Common NCLEX Question Strategies

  • NCLEX questions on fetal monitoring often focus on pattern recognition, appropriate interventions, and escalation of care decisions. Practice questions that require you to identify patterns from descriptions.
  • For questions about interventions, remember to prioritize maternal positioning (left lateral) as a first-line intervention for most non-reassuring patterns before more invasive measures.

Quick Check: Test Your Knowledge

What is the appropriate first nursing action for a Category II FHR pattern with recurrent late decelerations?

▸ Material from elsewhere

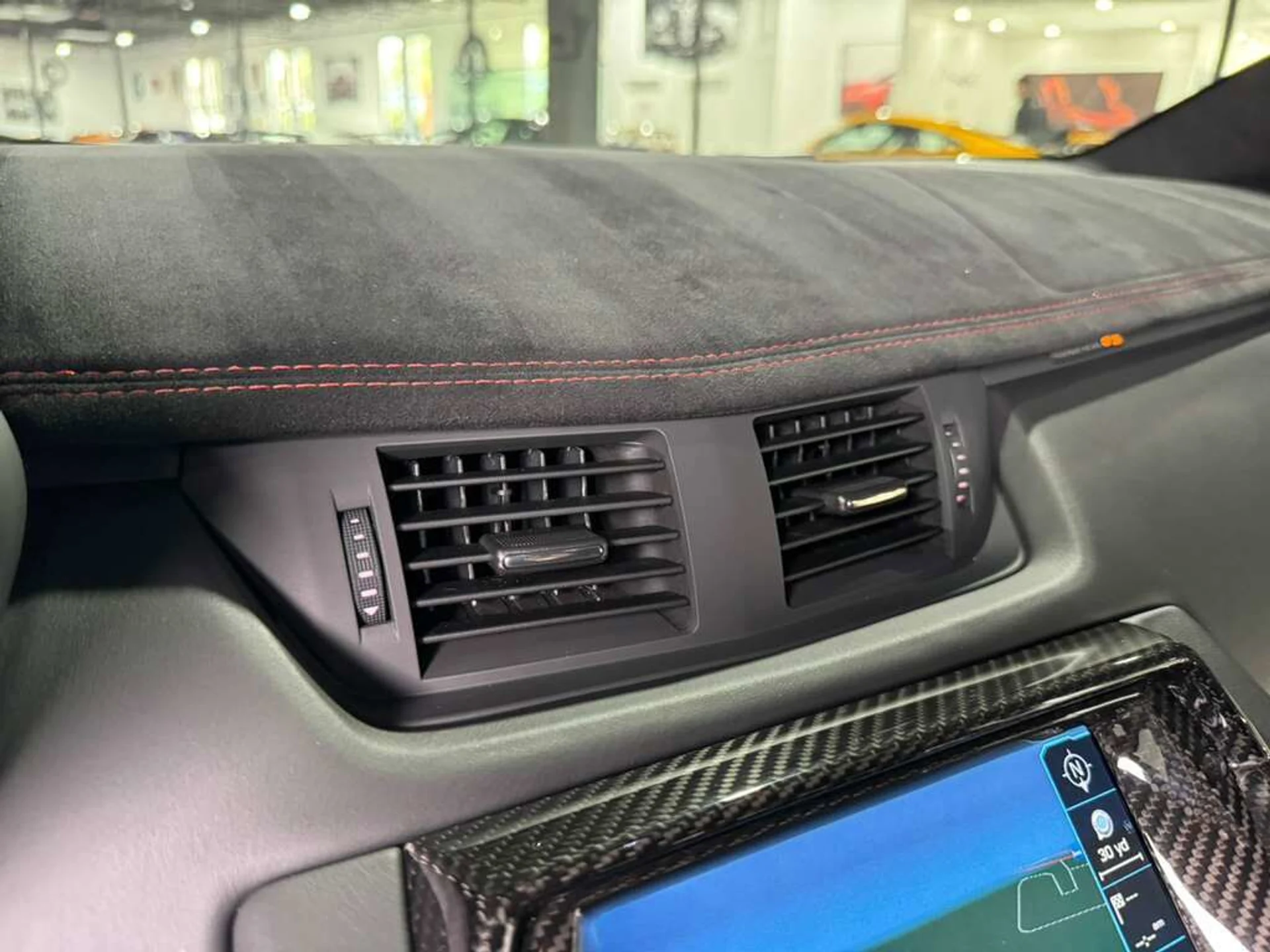 mph026_2349204272_0a2a97b68555d09421ba82d32c922a0d_4ff32e04cd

  1. Prepare for immediate cesarean delivery
  2. Reposition the mother to left lateral position
  3. Perform vaginal examination to check for cord prolapse
  4. Administer terbutaline 0.25 mg subcutaneously

Answer: B. Repositioning to left lateral is the first intervention to improve uteroplacental perfusion for late decelerations.

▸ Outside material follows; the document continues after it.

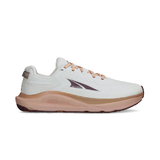 Altra Paradigm 8 Womens Shoes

Common Pitfalls in Fetal Monitoring Questions

  • Confusing early and late decelerations based on visual appearance rather than timing with contractions
  • Failing to recognize that moderate variability is a reassuring sign, even in the presence of some decelerations
  • Overreacting to isolated decelerations without considering the overall pattern
  • Not recognizing that Category III patterns require immediate intervention

Summary of Key Points

Essential Concepts to Master

  • Normal baseline FHR is 110-160 bpm with moderate variability (6-25 bpm).
  • Accelerations are reassuring signs of fetal well-being.
  • Early decelerations are benign and caused by head compression.
  • Late decelerations indicate uteroplacental insufficiency and require intervention.
  • Variable decelerations result from cord compression and may require position changes or amnioinfusion.
  • Category I patterns are normal; Category II patterns require surveillance; Category III patterns require immediate intervention.
  • Intrauterine resuscitation techniques include position changes, oxygen administration, IV fluid bolus, discontinuing oxytocin, and tocolytics for tachysystole.

Key Points

  • The presence of moderate variability is the most reassuring feature of FHR patterns.
  • Persistent late decelerations with minimal or absent variability represent the most concerning FHR pattern and may indicate fetal acidosis.

Self-Assessment Checklist

I can identify normal and abnormal baseline FHR ranges

I can differentiate between the four types of variability

I can distinguish between early, late, and variable decelerations

I understand the NICHD three-tier classification system

I can list appropriate nursing interventions for non-reassuring patterns

I can recognize when to escalate care to the provider

Remember that understanding fetal monitoring is a critical skill for maternal-newborn nurses. Your ability to recognize patterns and intervene appropriately can make a significant difference in maternal and neonatal outcomes. Keep practicing strip interpretation regularly to build your confidence and expertise!